To a large extent the manner in which the loss of these temples of transit compels so many of us is a testament to what we really think about a world ruled solely by utilitarian concerns. That latter, callous attitude toward the spiritual importance of environment on human existence, in the cities as much as anywhere else, is displayed by Alon Levy in the comments at the original post.
God help us in the soulless, bottom-line libertarian future that so many think they want!
Ironically, the utilitarian worldview is incapable of accounting for the long-term utility and welfare (in the microeconomics sense of the word) that derive from civic pride — the decline of which, from the 1950’s on, along with the decline in the quality of inner city life, surely must be linked to the decline of the humane in urban architecture.
And yet: As the (not so godless?) Alon says in a subsequent comment, “Ron Coleman, you’re the first person I see use the word spirituality to mean ‘preserving train station facades.’” Indeed: Many of these buildings were and are obsolete, and the cost of their respective upkeep, utility expense, restoration or retrofit, relevance to modern transportation need or all of the above would constitute a preposterous budget item for almost any public entity saddled with such costs. Only religious dogma, and perhaps theocracy, could justify such devotion.
Rail transport, despite its highly romantic appeal, is great for everyday commuting but is seldom of the choice of travelers from afar, for whom flying — even in its own diminished state as a culture and a humane experience — is a clearly superior choice. Most other travel remains, in America, highway-based, because Americans want to go where they want, when they want and with whom they want, and they want to get back home that way, too.

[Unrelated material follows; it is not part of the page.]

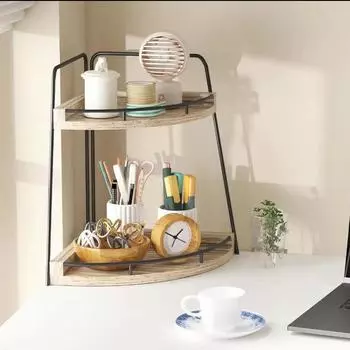 Угловая полка для хранения, 1 шт., Угловая полка для рабочего стола, Многоярусная полка для хранения столешницы в ванной комнате, Деревянная треугольная полка с зубчатыми краями, Полка для кухонных специй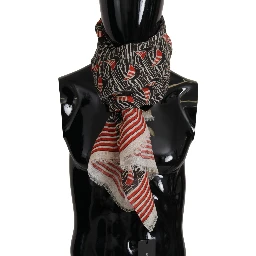 Black Red Linen Sailboat Stripe Print Shawl Scarf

In addition, the cheap labor and lax or nonexistent building, fire, safety and access standards of the nineteenth century, which made it possible to erect and use these behemoths, are truly relics of a different age. So who is going to foot the bills to maintain these buildings as obsolete white elephants? Or is someone here volunteering for a special tax assessment so Detroiters can stare at their irrelevant grand terminal?
There’s the facts, Jacks.
I sure wish we had the old Penn Station here, though.
Comments at the original post.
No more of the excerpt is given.